• Task instructions: In the entries below, which lines run from the one with "Full Engine Cylinder" through the one with "prada eyesight glasses|prada"? Repeat exactly those, both included, and no pictures.

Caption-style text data
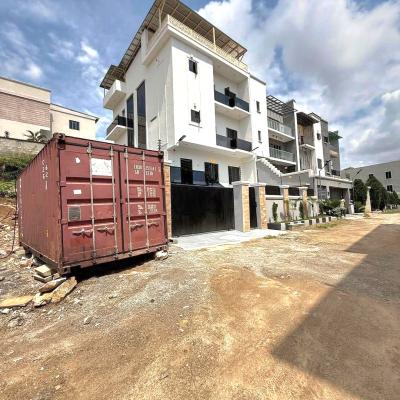Luxury 5-bedroom Gated Semi-detached Duplex (corner Piece), Guzape District, Abuja, Semi-detached Duplex for Sale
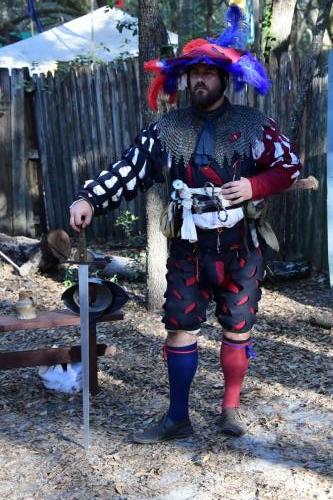 Bay Area Renaissance Fastival 2018 - Time Travelers
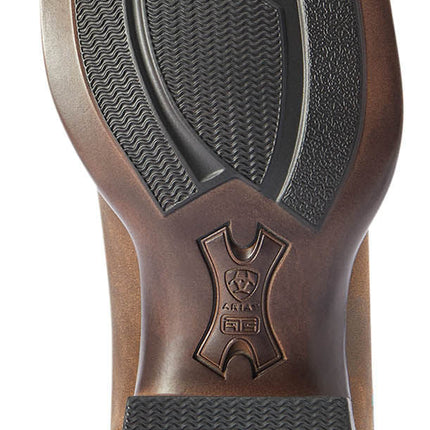Ariat Women's Odessa StretchFit Western Boot, Fateful Brown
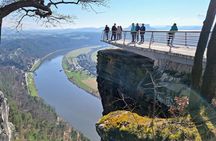 Bohemian and Saxon Switzerland National Parks hiking tour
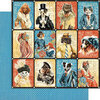 Graphic 45 - Well Groomed Collection - 12 x 12 Double Sided Paper - Purr-fect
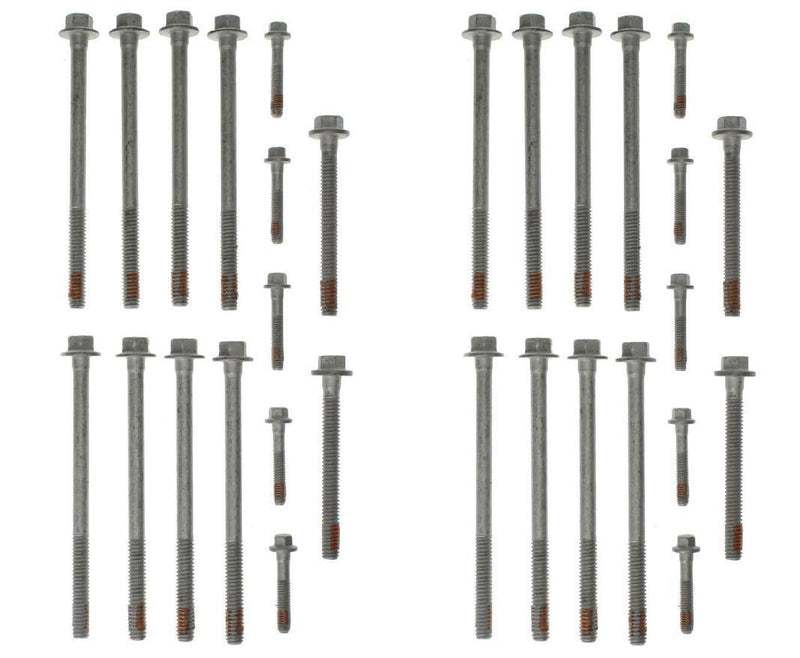 Full Engine Cylinder Head Bolts Set for 1997-2004 Gen III LS 4.8L 5.3L 5.7L 6.0L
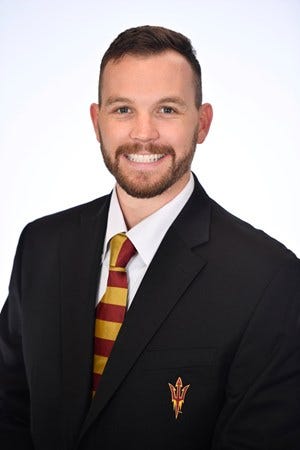 Ryne Rezac - Football Coach - Arizona State University Athletics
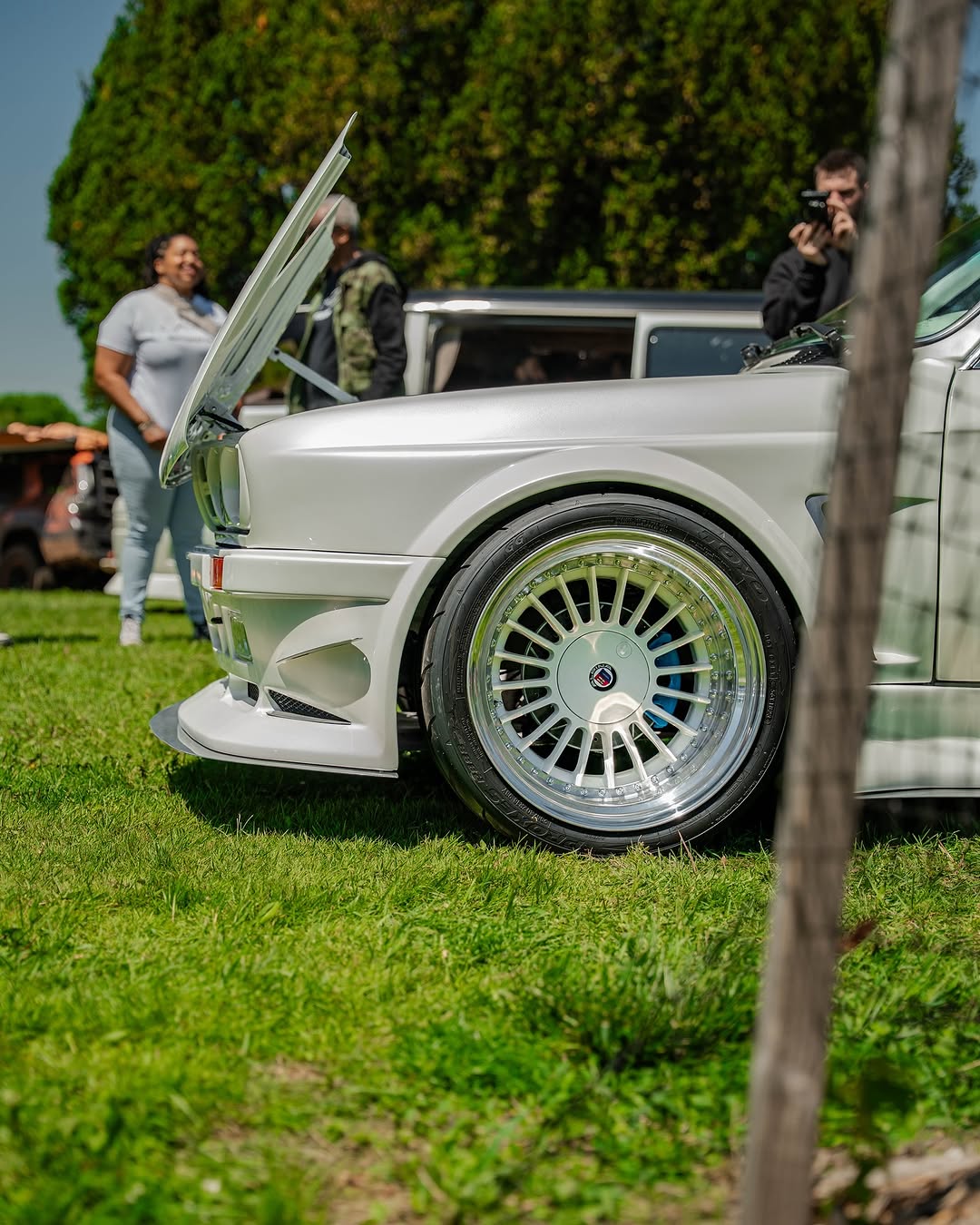 BMW E30 tribute to Paid in Full movie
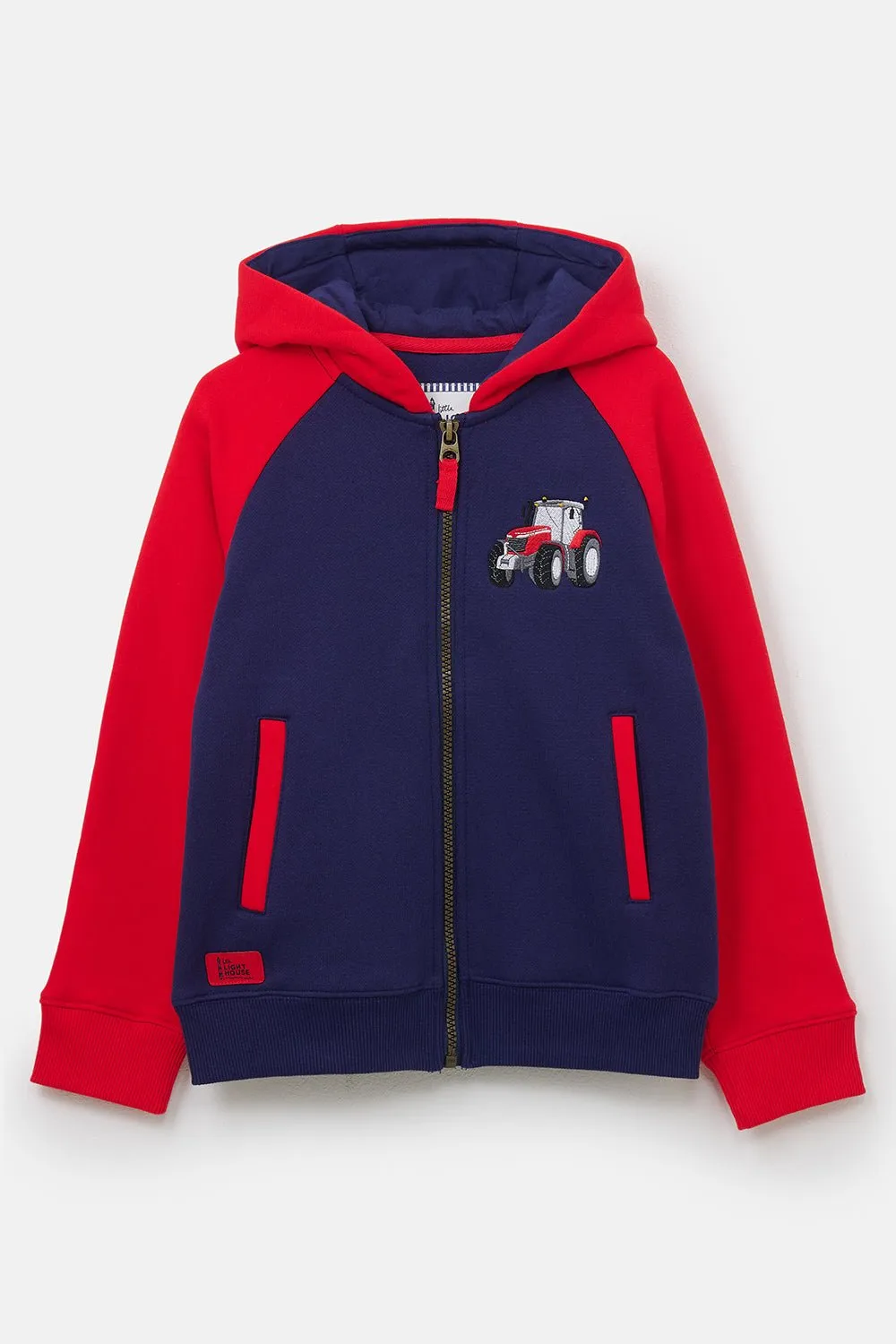 Jackson Full Zip Hoodie - Red Tractor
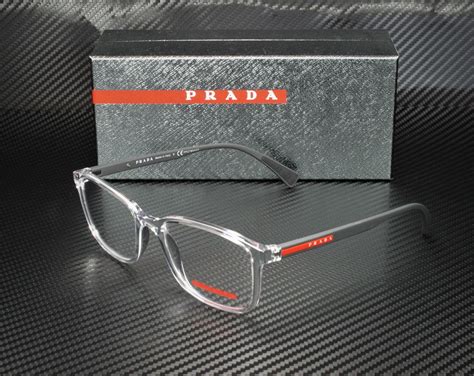 prada eyesight glasses|prada transparent eyeglasses.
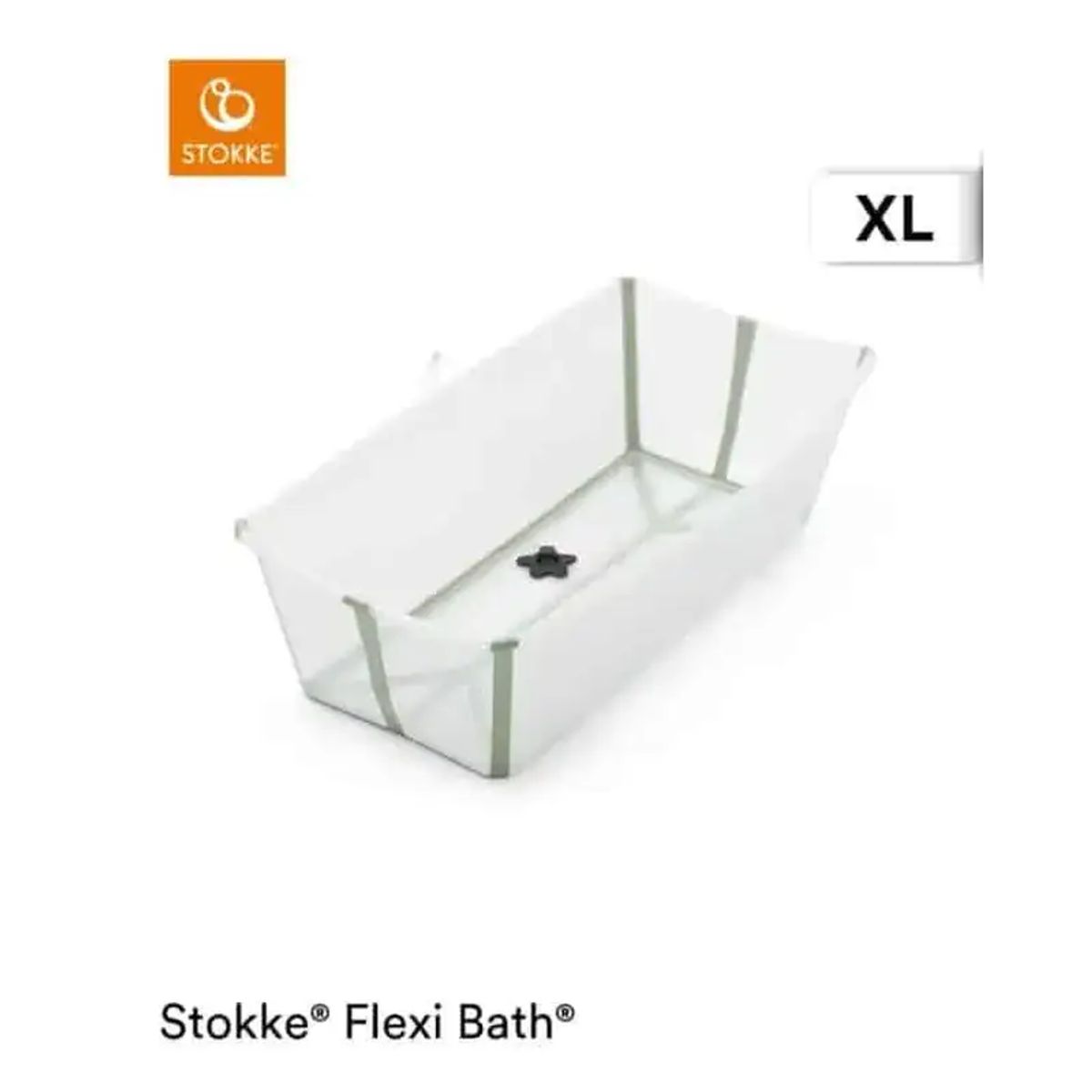 Stokke Flexi Bath ® X-large Transparent Green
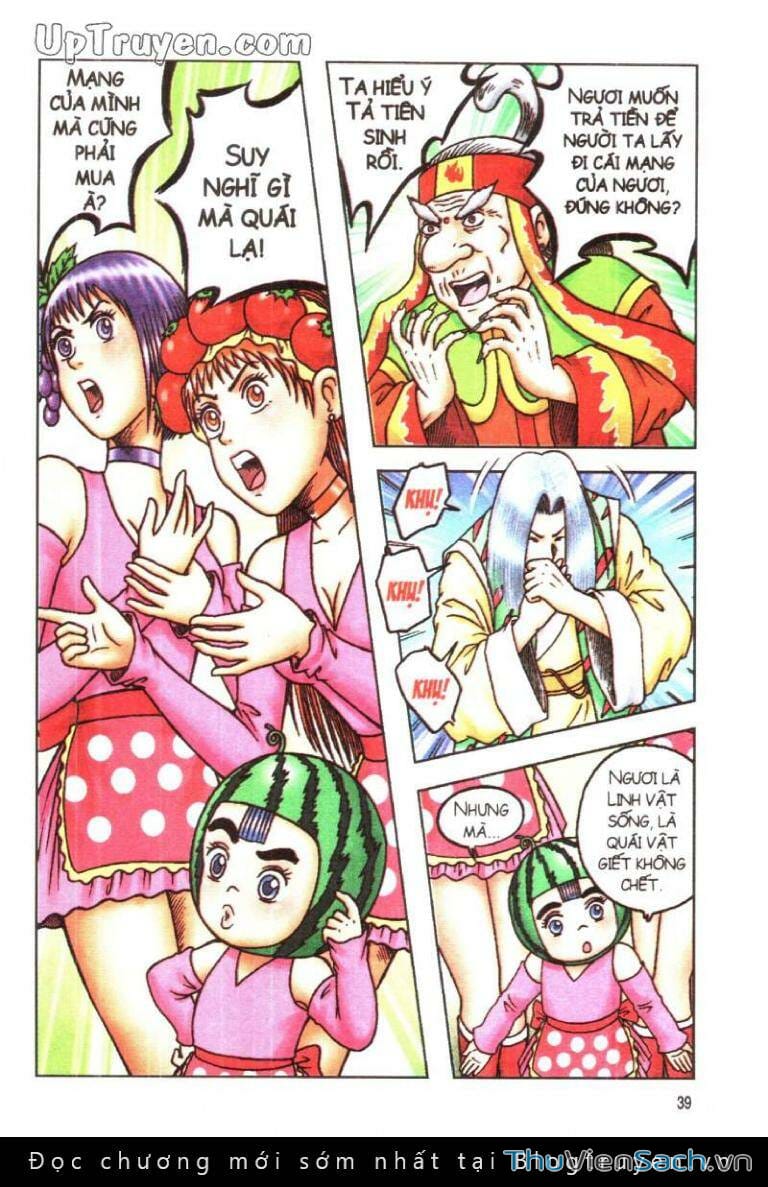 Truyện Tranh Ô Long Viện Linh Vật Sống trang 3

• Your solution:
 Full Engine Cylinder Head Bolts Set for 1997-2004 Gen III LS 4.8L 5.3L 5.7L 6.0L
 Ryne Rezac - Football Coach - Arizona State University Athletics
 BMW E30 tribute to Paid in Full movie
 Jackson Full Zip Hoodie - Red Tractor
 prada eyesight glasses|prada transparent eyeglasses.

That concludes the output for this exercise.